A big old mansion house looms on the horizon of a Jersey coastline, threateningly dark, intricately detailed with multiple windows and doors. It's 1945, Grace (Nicole Kidman) and her two children Anne and Nicholas, reside in the house of darkness, waiting longingly for Charles (Grace's husband), to return from war.
Restricted by illness, Grace and the children can't leave the house.
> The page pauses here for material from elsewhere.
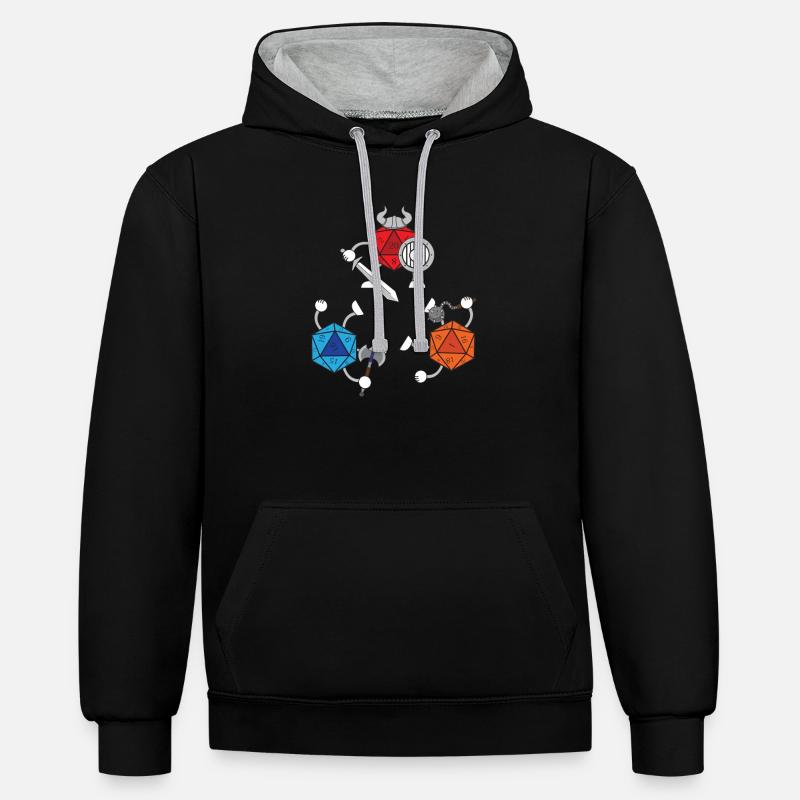 Dice Game Dice - Sweat à capuche contrasté - noir/gris chiné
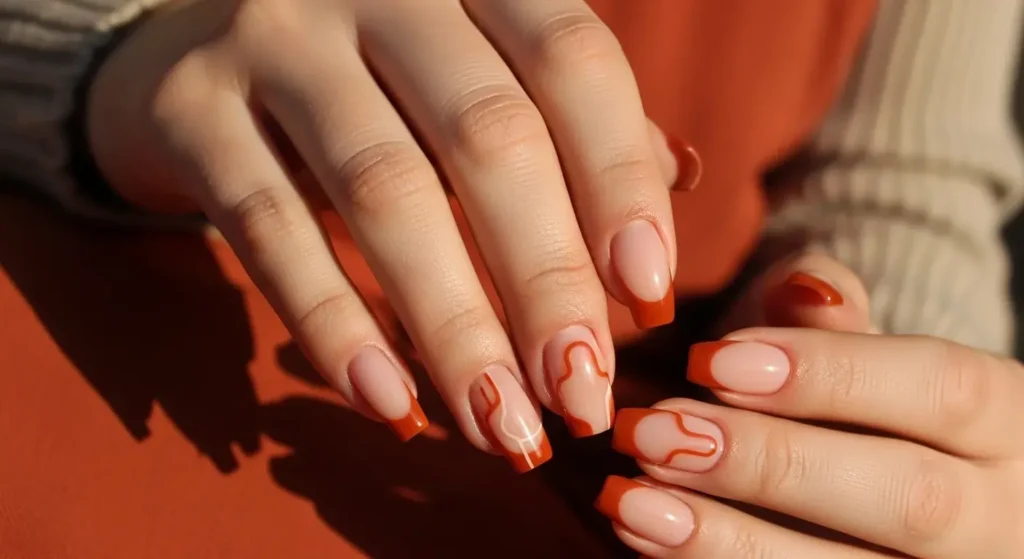Burnt Orange Negative Space Nails End of Summer Nails Ideas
Afflicted with photosensitive skin, blisters will appear if exposed to light, brighter than a candle, sunlight will kill them.
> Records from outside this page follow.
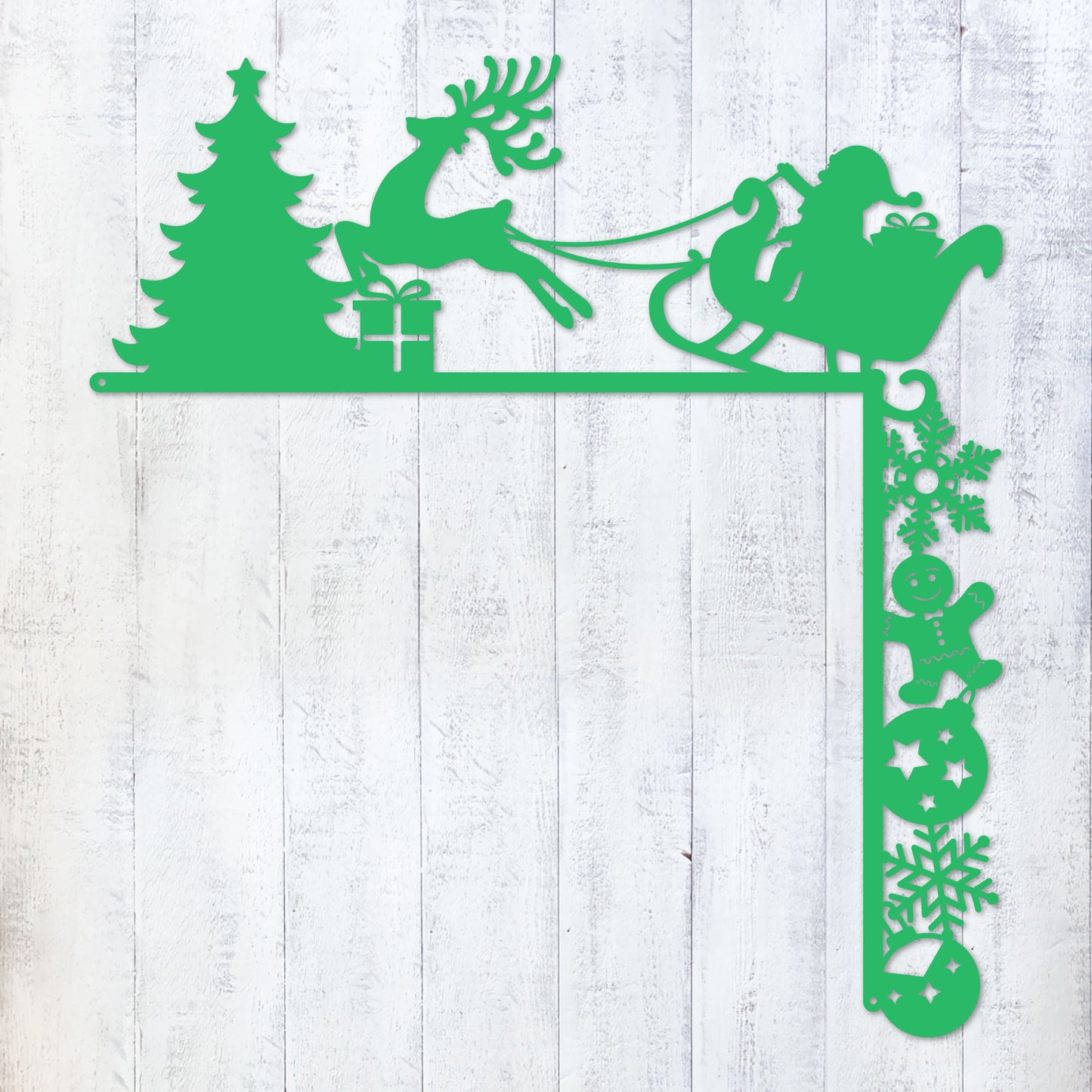 Christmas Door Corner Decor Christmas Santa and Presents / Green - RealSteel Center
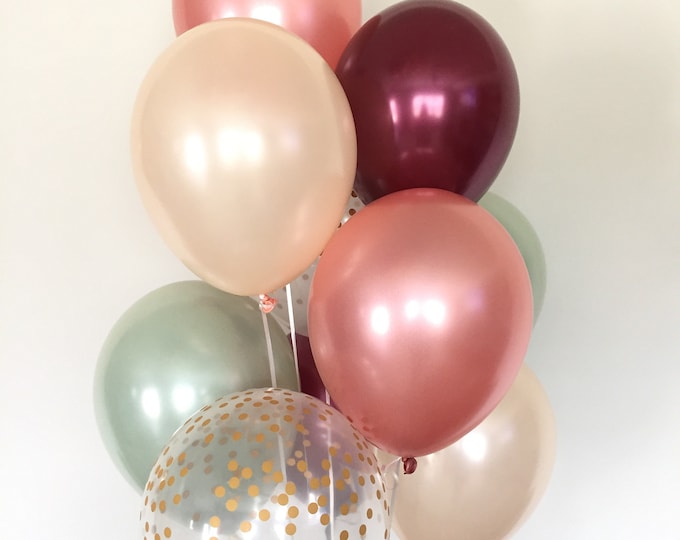 Burgundy and Rose Gold Balloons | Rose Gold Bridal Shower Decor | Rose Gold and Green Bridal Shower | Light Green Balloons | Green Birthday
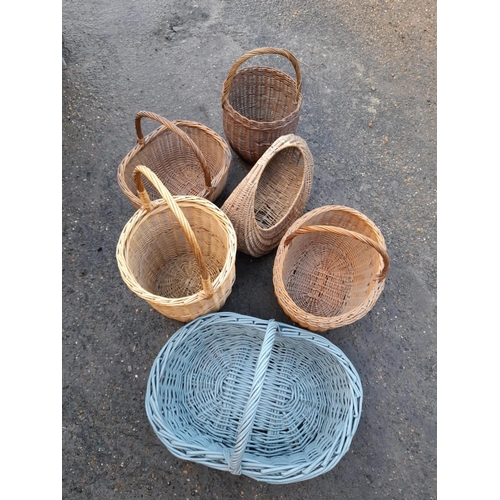 14 - Six Wicker Baskets. Various Shapes and Sizes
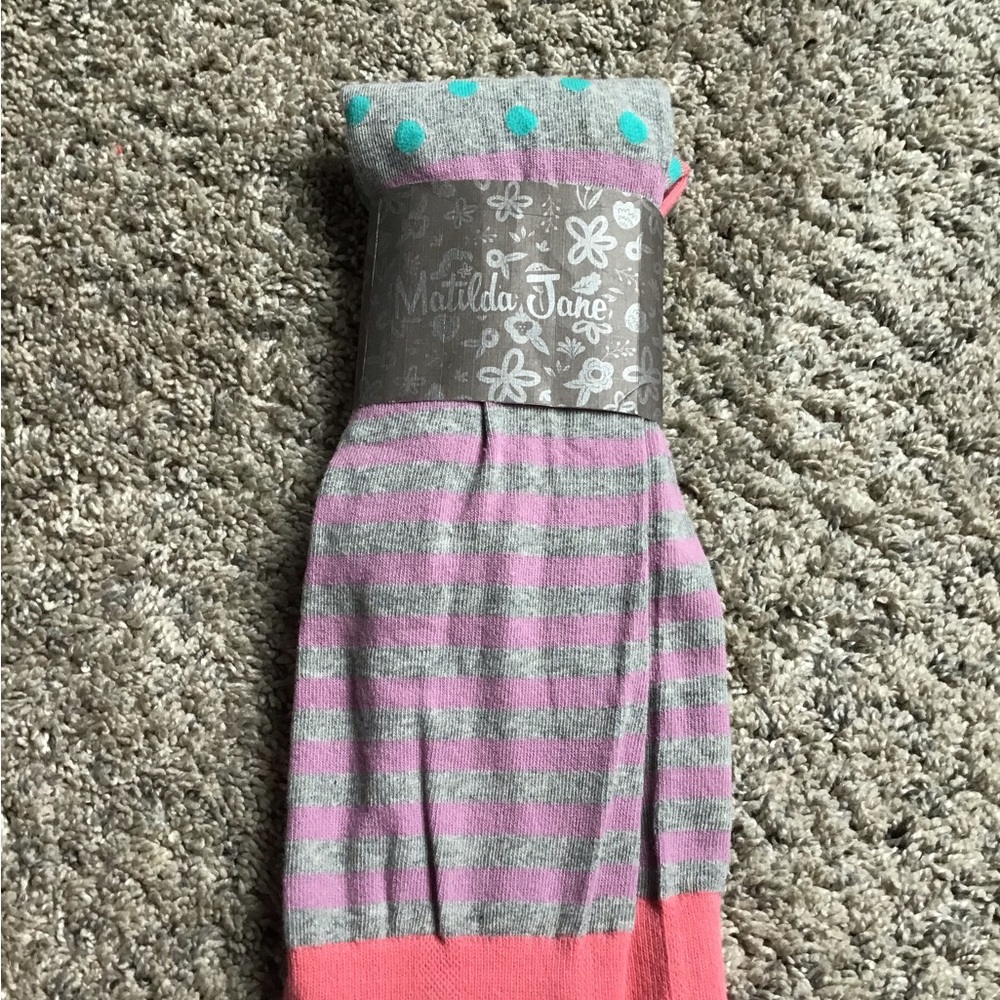 Matilda Jane Pink Gray Coral Striped Kids Socks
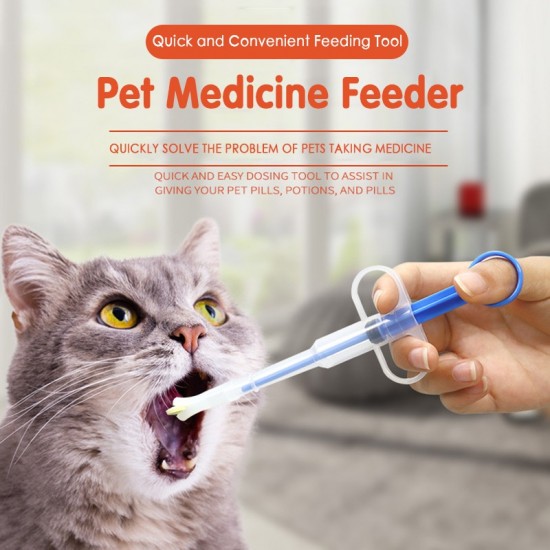 Obut1pcs pet geneeskunde spuit tablet pil gun piller push dispenser geneeskunde water melk spuit hond kat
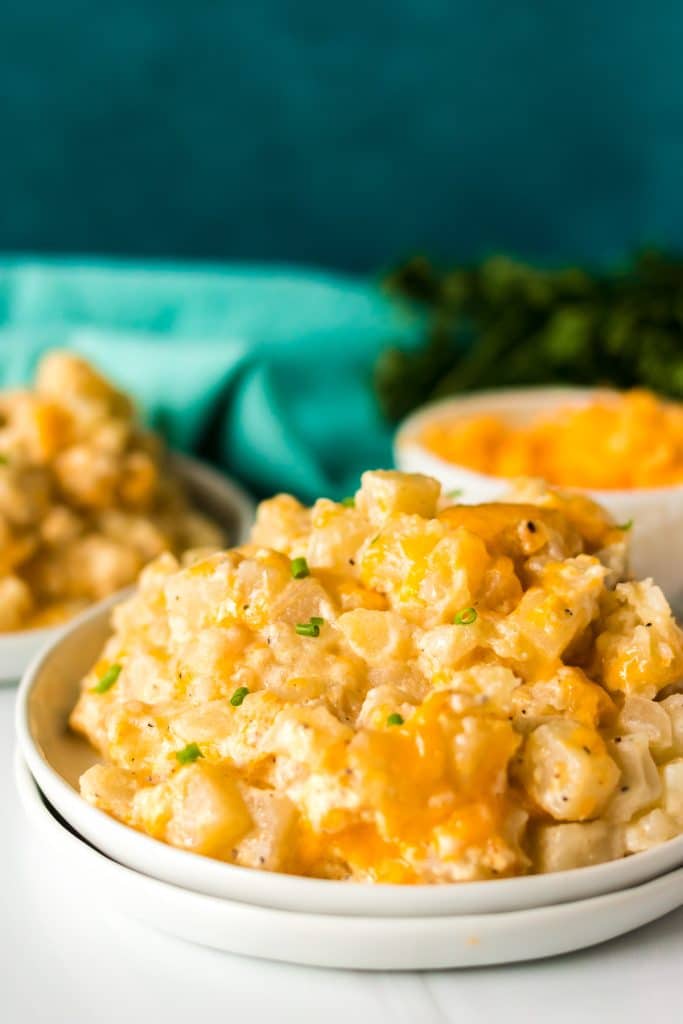 plate of cheesy potatoes.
Grace, despite her worries, proffers qualities of a strict mother, with love for her children undoubtedly, but possesses no redeeming personality traits to soften the harsh edge of her character.
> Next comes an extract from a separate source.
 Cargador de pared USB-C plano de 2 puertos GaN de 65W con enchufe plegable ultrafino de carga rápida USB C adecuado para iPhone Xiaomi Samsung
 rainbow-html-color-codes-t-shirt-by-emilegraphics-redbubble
The servants disappeared from the house, leaving Grace on her own, abandoned; her faith is restored when three workers turn up on the doorstep, in response to her newspaper advertisement, for servants. Mrs. Mills, Lydia and Mr. Tuttle, join the residence.
Anne and Nicholas are constantly aware of 'the others' whom they share the house with, seeing apparitions and hearing voices. Grace refuses to believe them, but gradually succumbs to the concept; they are not alone in the house.
Frightened and helpless, Grace enlists the help of God and prayer to help them through, but nothing can help themů
In less than full possession of her senses, Grace's grasp of reality becomes more twisted and distorted, isolating herself from her frightened children.
The Others, moves from scene to scene, delicately lit with the flicker of a candle, littered with the presence of icy Grace, gliding through the house in search of the intruders. Brimming with classic haunted house anecdotes, and spooky woods, engulfing the house, it fails to provide any new scenarios. That's not to dismiss the quality of the movie, as the lack of originality is compensated by strong characters, each with their own eerie agenda.
For seat-jumping-moment lovers and thrill-seeking fanatics, The Others will test your patience, with an intolerable tedious build up to the 'grande finally'.
The movie barely possess' enough intermitant, frightening moments to hold your interest, long enough to reach the ever-anticipated, amazing twist and exellent ending. But, quite frankly, five fantastic minutes, make up for nothing!